_Dataset excerpt_

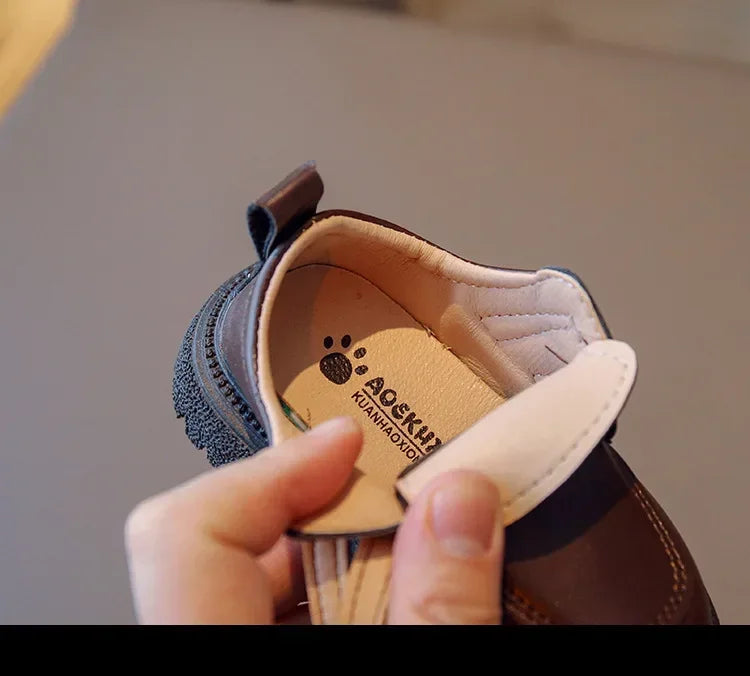 JGSHOWKITOCN Sneaker Antirutsch Doppelknopf - Größe 24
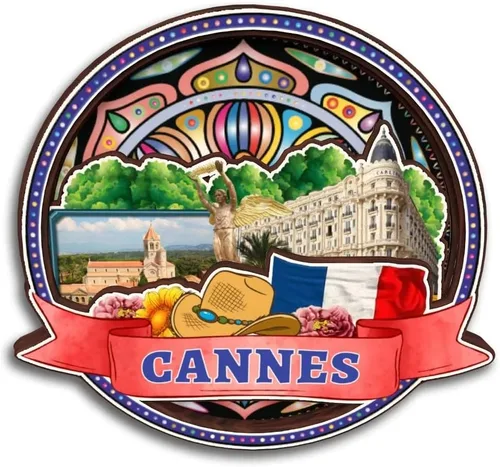 Miniatura 20 de Toulon Provence-Alpes-Cote d'Azur Francia - Imán para nevera Colección de madera 3D Madera hecha a mano recuerdos de la ciudad de viaje, imán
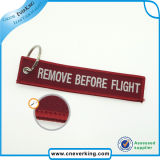 Wholesale Cheap Customized Remove Before Flight Keychains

_Work order_
All of the data needs repeating exactly, but the pictures do not.

_Response area_
 JGSHOWKITOCN Sneaker Antirutsch Doppelknopf - Größe 24
 Miniatura 20 de Toulon Provence-Alpes-Cote d'Azur Francia - Imán para nevera Colección de madera 3D Madera hecha a mano recuerdos de la ciudad de viaje, imán
 Wholesale Cheap Customized Remove Before Flight Keychains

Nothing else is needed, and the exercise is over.